Dr. Saria and I were frozen for an instant. It was all so fast and potentially so serious. She recovered quickly and chatted with the owners as I took a few deep breaths and convinced myself that all my blood and flesh was still where it was supposed to be. I vaguely heard Dr. Saria recommend sedation and heard the owners agree, and then the next I knew we were leading this unpredictable beast out of the house and into the clinic with the intention of injecting him with a sedative, so we could safely give him his vaccine.

Somehow, we managed to settle him down, sedate him, and give him the pesky vaccine, but I couldn’t help but think that there had to be a better way- for the owners, the pet and for us.

As soon as we got home, I was on the Internet researching, then purchasing my own remote delivery device, AKA, blow dart, which I fondly named, FIDO’s FRIEND. I could have gotten a dart gun, but it required a permit and could cause serious damage if a dart is misplaced. After all, our goal is to help these animals, not hurt them.

While we were waiting for the device to come in, we began contemplating uses for it. Feral cats vaccines, aggressive dog sedation, timid creatures that need antibiotics, unreachable animals that are in grave distress, wild animals that are injured or sick, infectious creatures, suffering animals, and those that truly want nothing to do with anyone getting near them despite having a great need for human assistance. The more we thought about it, the more we realized that this device could not only protect me, the handler, but could seriously reduce the stress on some of our patients and potentially save some that otherwise would be left without hope.
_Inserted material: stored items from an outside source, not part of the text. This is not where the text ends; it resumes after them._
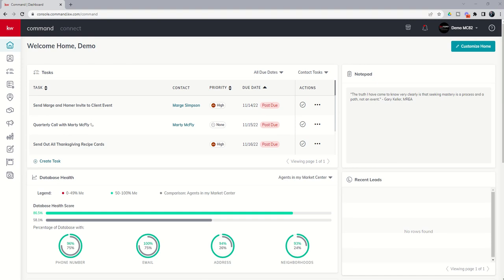Good morning, Keller Williams, and welcome back to the KW Command 60 six day challenge 7.0. Today is day 18.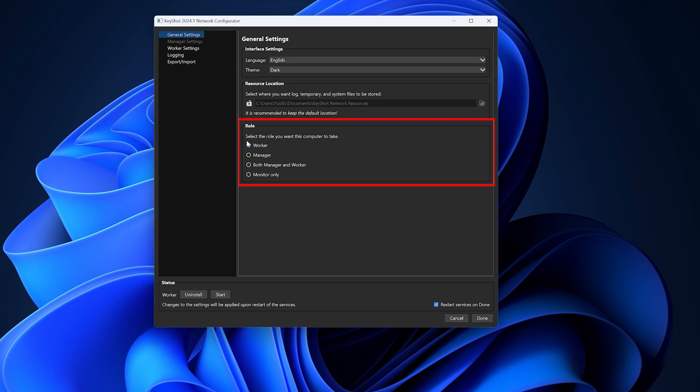Next, select the worker role. The relevant settings for the worker will be available in the left list of the window. Lastly, check the status at the bottom of the window for information about the current state of the worker.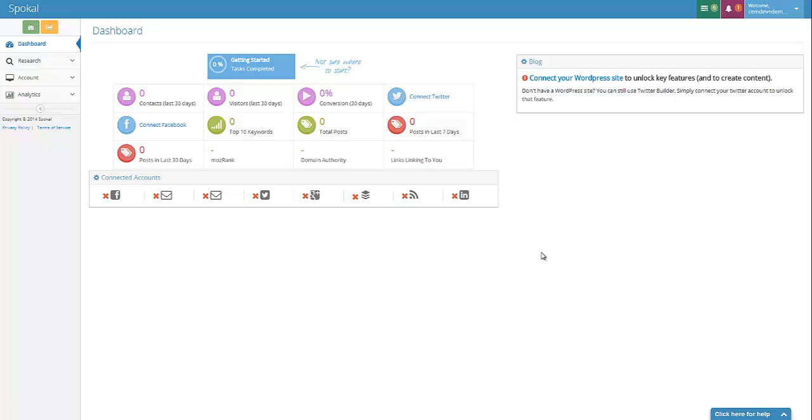Hi and welcome to Spokal. This is the introductory video that will show you how to connect your WordPress website to Spokal so you can start blogging and using all the great tools that Spokal offers.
Although Fido was our initial catalyst for acquiring the remote injection system, we have discovered an amazing plethora of situations where it is fantastically useful. Vaccines, medications and sedation are much less stressful for these patients. Kudos to the vet that told me about it! I wish I remembered his name. I now have a 1 ml syringe which I load with the medication, then charge the opposite end with air. I then attach the “feathers” to the back of the dart and load it into the tube. At this point I can administer my dart to an animal from a distance of up to 15 yards. The animal just feels a little prick as the dart penetrates and the medications are administered. Then the dart falls off and we retrieve it when the animal moves away. The impact is no more than when we give a normal injection, and the animal is far less upset than when we have to wrestle them to the ground or chase them around a yard with a lanyard on a stick in order to give the same medication.

This system has proven invaluable to us as we work on animals that cannot be restrained. It has truly been a miraculous tool to use for these pets that otherwise would go unvaccinated and untreated. I bought it to protect my doctor and I, but the reality is that the pets are the ones getting the most benefit.

And for my sensitive and concerned veterinarian who always places the needs of the pets before any mere human? She, too, has acknowledged the value in using a tool she would never have considered before. In an odd twist, we have come to value a tool that is not usually associated with kindness and compassion, and have once again proved that most any tool used correctly can provide amazing benefits.

Oh yeah, if you see us parked with a few minutes of free time, you will most likely find me behind the clinic, in front of a box doing target practice. I call it work. Dr Saria calls it play. I’m not sure who is right.